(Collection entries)

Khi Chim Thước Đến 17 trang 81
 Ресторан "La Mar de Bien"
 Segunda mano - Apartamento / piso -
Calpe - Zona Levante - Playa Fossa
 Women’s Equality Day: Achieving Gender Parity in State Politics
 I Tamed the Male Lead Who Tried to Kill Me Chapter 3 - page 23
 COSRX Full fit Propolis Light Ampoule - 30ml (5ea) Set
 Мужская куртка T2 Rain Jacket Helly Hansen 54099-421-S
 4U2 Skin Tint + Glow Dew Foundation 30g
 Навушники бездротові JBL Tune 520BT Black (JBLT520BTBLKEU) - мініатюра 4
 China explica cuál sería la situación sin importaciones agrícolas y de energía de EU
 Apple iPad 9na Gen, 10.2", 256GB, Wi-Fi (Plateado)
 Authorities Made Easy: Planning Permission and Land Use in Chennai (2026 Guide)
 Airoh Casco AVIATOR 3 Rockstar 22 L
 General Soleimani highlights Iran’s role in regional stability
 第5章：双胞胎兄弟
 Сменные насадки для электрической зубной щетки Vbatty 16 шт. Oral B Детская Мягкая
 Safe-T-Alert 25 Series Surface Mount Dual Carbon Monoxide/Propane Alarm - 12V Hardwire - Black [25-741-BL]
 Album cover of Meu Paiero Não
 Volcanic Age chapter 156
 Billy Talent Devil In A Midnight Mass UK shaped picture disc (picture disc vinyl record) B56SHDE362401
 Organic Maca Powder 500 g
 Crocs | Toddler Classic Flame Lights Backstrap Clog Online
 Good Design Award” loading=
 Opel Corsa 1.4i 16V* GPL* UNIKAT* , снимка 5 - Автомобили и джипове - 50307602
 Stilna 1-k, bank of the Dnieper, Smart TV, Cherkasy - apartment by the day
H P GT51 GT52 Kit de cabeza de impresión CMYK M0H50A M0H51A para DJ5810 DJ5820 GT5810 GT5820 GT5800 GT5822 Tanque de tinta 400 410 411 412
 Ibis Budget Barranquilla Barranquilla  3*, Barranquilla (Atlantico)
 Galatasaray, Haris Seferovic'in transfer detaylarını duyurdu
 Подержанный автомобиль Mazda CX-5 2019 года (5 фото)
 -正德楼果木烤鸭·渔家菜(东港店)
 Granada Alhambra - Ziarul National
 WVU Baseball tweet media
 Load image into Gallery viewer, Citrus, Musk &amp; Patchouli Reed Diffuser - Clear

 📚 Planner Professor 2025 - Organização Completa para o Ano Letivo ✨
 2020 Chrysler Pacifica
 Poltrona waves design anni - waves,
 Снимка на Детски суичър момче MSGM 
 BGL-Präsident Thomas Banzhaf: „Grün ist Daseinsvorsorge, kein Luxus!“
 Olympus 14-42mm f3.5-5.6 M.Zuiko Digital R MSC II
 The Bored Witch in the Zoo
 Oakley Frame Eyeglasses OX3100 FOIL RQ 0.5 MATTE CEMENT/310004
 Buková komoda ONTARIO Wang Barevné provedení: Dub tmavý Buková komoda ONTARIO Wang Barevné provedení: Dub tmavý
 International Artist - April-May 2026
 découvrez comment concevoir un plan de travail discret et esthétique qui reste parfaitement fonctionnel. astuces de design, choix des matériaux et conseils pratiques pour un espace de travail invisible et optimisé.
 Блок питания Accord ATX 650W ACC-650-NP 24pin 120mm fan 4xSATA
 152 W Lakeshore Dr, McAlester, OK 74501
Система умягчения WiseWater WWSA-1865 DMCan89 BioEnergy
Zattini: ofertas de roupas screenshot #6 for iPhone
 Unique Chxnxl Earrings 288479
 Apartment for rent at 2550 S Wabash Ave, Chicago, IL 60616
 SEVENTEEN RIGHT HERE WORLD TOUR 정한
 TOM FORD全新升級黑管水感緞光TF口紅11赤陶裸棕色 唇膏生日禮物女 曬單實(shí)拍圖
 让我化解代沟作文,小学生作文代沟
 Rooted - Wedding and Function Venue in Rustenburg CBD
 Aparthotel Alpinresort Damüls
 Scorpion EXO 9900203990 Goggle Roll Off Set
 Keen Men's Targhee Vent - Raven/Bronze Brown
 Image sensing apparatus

**Action item:**
Whenever a line of the entries contains the string "Black", copy that line.

**Exercise output:**
 Навушники бездротові JBL Tune 520BT Black (JBLT520BTBLKEU) - мініатюра 4
 Safe-T-Alert 25 Series Surface Mount Dual Carbon Monoxide/Propane Alarm - 12V Hardwire - Black [25-741-BL]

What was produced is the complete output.